▸ REQUIRED ACTION:
Retype, please, the listing from its opening line through the line that contains "Commercial Building for Sale", both included, without the pictures.

▸ DATASET EXTRACT:
▬▬▬▬▬▬
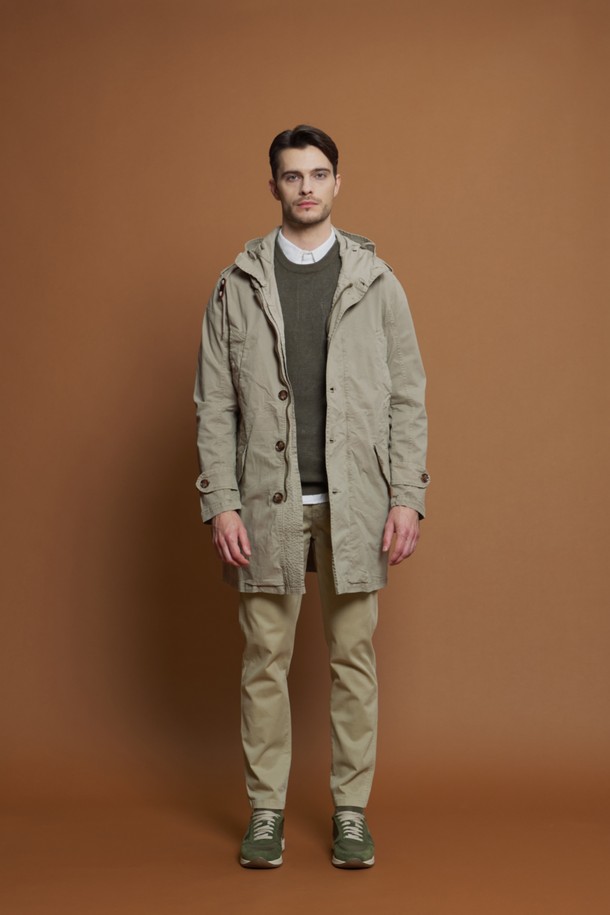 가먼트다잉 롱 후드 야상 M-QBBY50은 캐주얼하고 밀리터리한 무드를 동시에 연출하는 남성용 아우터입니다. 봄, 가을 간절기에 적합하며, 부드러운 면, 스판 혼방 소재로 제작되어 편안한 착용감을 선사합니다. 일체형 후드와 지퍼, 단추 이중 여밈으로 보온성을 높였으며, 레귤러 슬림핏으로 세련된 실루엣을 자랑합니다. 가먼트다잉 기법으로 자연스러운 얼룩과 색상 차이를 살려 워크웨어 스타일을 완성하며, 가을 나들이룩에 돋보이는 스타일을 더합니다. 
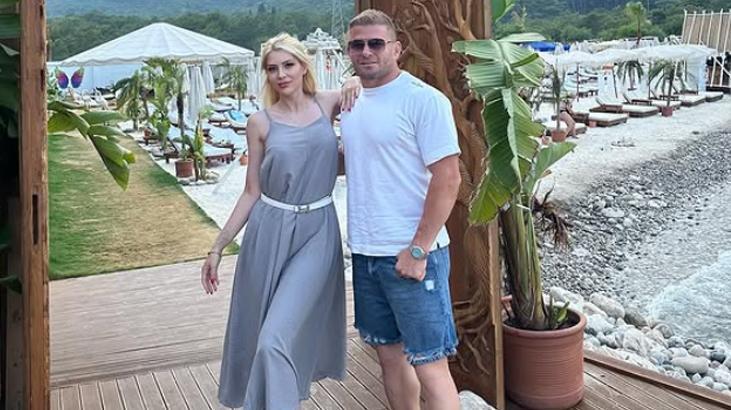 Najpierw udostępniła, a potem usunęła. Ile przytyła İlayda Şeker, uczestniczka programu „Survivor”, w czasie ciąży?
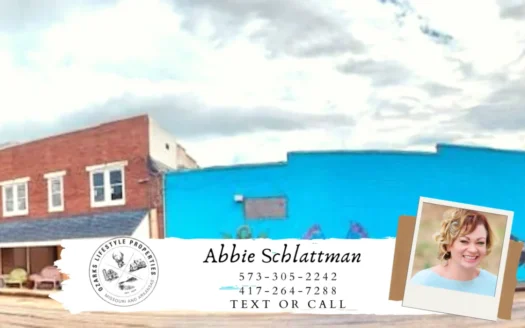 Commercial Building for Sale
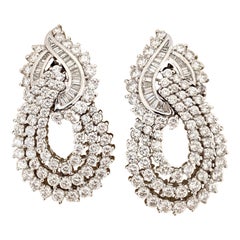 Pendientes colgantes de platino y diamantes Cellini Jewelers de 7,50 quilates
▬▬▬▬▬▬
▸ SOLUTION TO THE EXERCISE:
 가먼트다잉 롱 후드 야상 M-QBBY50은 캐주얼하고 밀리터리한 무드를 동시에 연출하는 남성용 아우터입니다. 봄, 가을 간절기에 적합하며, 부드러운 면, 스판 혼방 소재로 제작되어 편안한 착용감을 선사합니다. 일체형 후드와 지퍼, 단추 이중 여밈으로 보온성을 높였으며, 레귤러 슬림핏으로 세련된 실루엣을 자랑합니다. 가먼트다잉 기법으로 자연스러운 얼룩과 색상 차이를 살려 워크웨어 스타일을 완성하며, 가을 나들이룩에 돋보이는 스타일을 더합니다. 
 Najpierw udostępniła, a potem usunęła. Ile przytyła İlayda Şeker, uczestniczka programu „Survivor”, w czasie ciąży?
 Commercial Building for Sale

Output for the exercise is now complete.